Todd Rhine is a 25 year veteran of the financial service industry, founding member of The GenUs Collaborative and Regional Director of The Heritage Institute. He is a regular speaker among financial, estate and generation planning professionals and carries an impressive resume of degrees and designations. You can view more information on his website http://www.toddrhine.com/Home.html
It will probably come as no surprise to learn that the amount of discretionary / disposable cash available to individuals and families has been declining steadily for some time. Among the many effects of this trend-line is a decline in how, when–and even if– we engage in philanthropy at the level we would like to. This shrinking participation in charitable giving plays out as a decrease in total overall giving, a decrease in the number of organizations that individuals are able to support, or a combination of both.
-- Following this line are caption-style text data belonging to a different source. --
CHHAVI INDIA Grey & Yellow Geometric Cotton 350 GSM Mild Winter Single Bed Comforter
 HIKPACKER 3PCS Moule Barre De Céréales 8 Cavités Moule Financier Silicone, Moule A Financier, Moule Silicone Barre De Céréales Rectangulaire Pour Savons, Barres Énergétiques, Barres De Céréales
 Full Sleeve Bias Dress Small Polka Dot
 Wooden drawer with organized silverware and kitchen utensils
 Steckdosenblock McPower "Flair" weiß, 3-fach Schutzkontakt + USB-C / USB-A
In my own business I’m seeing more people who once supported as many as 6 to 8 non-profits when times were good who now are giving a reduced amount to just 1 or 2 organizations.
We certainly haven’t run out of valid reasons to give. Tax strategies, the call of our faith, a tradition of family philanthropy, or simply a way to make a difference in our community are all powerful motivators for giving. Another factor boils down to a simple question: does my philanthropy represent my real passions, and what matters most to me? Am I truly motivated by my donations or am I ‘just going through the motions?’ According to many not for profit organizations, more donors than ever are just going through the motions. Non-profit officers report fewer donors who have a strong personal passion or motivation for the giving they are doing. This trend is also evident in declining participation and support for traditional charitable events like golf outings, charitable dinners, silent auctions and other fundraisers.
Given these trends, it is more important than ever to focus on methods by which we can we align the personal philanthropic desires of donors with their ability to give. Even in the most turbulent economic times, people want to do all they can to support the causes and organizations that they are passionate about.
National experts are weighing in on the issue. Jack Beatty, founder of CORE Group USA, and a recognized authority on communication, mindset and decision-making, has recently published a research summary on Alignment Theory that highlights the critical need to attach passion to purpose when it comes to helping cash-strapped donors to continue the charitable giving that matters most to them.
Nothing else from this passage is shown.